Car Plows Into Kirkland House Library; No One Injured

A car crashed into the Kirkland House library—said to be the oldest building in Cambridge—when a valet lost control of a patron’s car while making a left turn onto JFK Street around 8:30 p.m. last night.

Five fire engines, an ambulance, a tow truck and a handful of police cars—all with lights flashing—cordoned off two blocks of JFK Street, as about 50 students and passersby looked on and a local news crew darted about the scene.

The driver, whom police would not identify by name, was uninjured, according to multiple witnesses.

The two Kirkland residents who were inside the library when the accident occurred, Jason M. Scherer ’08 and David A. Sherman ’08, also avoided injury.

The vehicle, a gray Mazda 3 with Massachusetts license plates, plowed through a white picket fence and clipped the corner of the building, coming to a stop partially wedged in the wall and nestled in the adjacent shrubbery.

According to the owner of the car, Richard Palmer of Framingham, Mass., “the [valet] said the car kept accelerating.”

Other than a heap of wooden fence debris and a dislodged window screen, the damage was concentrated around the 10-foot tall gash where the car penetrated the building.

“At first I heard the squeal of tires,” said Scherer, who was on the second floor of the library. “The whole house shook.

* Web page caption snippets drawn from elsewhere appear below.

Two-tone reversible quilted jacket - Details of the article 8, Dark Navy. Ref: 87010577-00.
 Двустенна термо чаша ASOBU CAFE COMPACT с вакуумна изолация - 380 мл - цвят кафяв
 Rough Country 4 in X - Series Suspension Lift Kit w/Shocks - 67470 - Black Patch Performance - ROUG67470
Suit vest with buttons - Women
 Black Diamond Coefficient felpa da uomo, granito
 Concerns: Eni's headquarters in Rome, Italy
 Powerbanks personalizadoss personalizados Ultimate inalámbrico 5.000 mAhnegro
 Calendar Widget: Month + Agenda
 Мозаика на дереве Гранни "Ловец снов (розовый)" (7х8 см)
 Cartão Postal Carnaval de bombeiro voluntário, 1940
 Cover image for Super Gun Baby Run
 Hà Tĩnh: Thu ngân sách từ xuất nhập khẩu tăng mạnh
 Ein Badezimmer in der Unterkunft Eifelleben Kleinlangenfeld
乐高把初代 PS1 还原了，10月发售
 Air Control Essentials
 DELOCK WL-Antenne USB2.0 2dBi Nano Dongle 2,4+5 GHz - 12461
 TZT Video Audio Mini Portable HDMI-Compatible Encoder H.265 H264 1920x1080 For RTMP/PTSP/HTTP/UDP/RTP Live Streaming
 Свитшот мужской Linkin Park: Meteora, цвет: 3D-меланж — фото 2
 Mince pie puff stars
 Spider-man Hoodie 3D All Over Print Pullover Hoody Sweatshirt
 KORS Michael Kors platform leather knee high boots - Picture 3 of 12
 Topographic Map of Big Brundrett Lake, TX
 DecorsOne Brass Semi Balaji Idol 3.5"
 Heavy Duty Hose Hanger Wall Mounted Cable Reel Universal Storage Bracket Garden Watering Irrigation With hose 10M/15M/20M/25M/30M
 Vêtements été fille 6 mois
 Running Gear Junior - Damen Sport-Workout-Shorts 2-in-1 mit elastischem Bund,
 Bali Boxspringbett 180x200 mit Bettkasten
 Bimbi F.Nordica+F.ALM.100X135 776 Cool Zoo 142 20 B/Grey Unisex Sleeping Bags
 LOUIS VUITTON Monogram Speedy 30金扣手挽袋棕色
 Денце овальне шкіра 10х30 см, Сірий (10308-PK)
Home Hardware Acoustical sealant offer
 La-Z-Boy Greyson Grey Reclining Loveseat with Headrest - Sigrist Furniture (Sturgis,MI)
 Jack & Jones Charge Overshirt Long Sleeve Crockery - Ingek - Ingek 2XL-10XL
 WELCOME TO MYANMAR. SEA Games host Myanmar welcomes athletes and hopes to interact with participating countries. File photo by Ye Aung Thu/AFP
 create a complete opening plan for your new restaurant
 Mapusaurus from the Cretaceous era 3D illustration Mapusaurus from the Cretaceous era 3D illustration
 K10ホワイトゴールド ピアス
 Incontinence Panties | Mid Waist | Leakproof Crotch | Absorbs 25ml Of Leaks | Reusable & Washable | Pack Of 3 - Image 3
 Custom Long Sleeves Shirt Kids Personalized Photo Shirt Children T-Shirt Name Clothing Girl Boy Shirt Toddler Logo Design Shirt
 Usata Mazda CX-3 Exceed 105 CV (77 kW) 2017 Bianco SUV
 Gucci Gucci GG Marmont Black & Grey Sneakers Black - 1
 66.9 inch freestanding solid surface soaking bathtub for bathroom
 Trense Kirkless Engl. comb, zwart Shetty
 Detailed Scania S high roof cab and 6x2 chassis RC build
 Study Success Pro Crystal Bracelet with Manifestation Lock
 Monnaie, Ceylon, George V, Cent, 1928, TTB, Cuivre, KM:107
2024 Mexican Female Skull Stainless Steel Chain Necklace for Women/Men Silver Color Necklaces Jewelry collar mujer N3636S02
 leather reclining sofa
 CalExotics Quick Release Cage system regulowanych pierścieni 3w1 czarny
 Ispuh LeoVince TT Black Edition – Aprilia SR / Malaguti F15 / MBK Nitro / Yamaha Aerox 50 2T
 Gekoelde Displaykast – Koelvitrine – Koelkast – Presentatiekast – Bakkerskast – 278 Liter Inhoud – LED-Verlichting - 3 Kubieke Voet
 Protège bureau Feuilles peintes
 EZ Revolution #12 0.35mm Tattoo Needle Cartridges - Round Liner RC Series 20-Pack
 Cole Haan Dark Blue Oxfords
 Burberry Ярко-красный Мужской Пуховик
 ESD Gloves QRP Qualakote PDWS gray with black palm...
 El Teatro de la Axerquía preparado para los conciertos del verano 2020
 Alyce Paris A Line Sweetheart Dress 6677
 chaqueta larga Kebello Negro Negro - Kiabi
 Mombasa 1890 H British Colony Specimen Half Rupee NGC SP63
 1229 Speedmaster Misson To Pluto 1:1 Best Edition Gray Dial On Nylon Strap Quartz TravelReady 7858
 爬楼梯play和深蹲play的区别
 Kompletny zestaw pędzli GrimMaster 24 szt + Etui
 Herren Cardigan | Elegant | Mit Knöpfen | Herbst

I went downstairs and the room was filled with smoke. It was hard to breathe.”

Although the building, officially dubbed the John Hicks House, now serves as a House library, it has a rich history.

Erected in 1762, it is the oldest house in Cambridge, according to Kirkland House Master Tom Conley. A stone plaque outside the building states that the library was once Revolutionary War general Israel Putnam’s army office.

Palmer, who had just finished a vodka-tasting dinner with his wife at Upstairs on the Square on Winthrop Street, appeared unperturbed by the situation.

“It’s pretty clearly not our fault,” he said, adding that he was surprised by the magnitude of the uniformed response. “It looks like they brought out the whole goddamn world to solve this.”

Mary-Catherine Deibel, co-owner of the restaurant, said the driver was an employee of Ultimate Valet.

“They’re very good,” Deibel said of the company. “They’ll take care of all damages.”

Scherer said the crash would not distract him from his studies.

“I guess we’ll have to go to Lamont,” he said.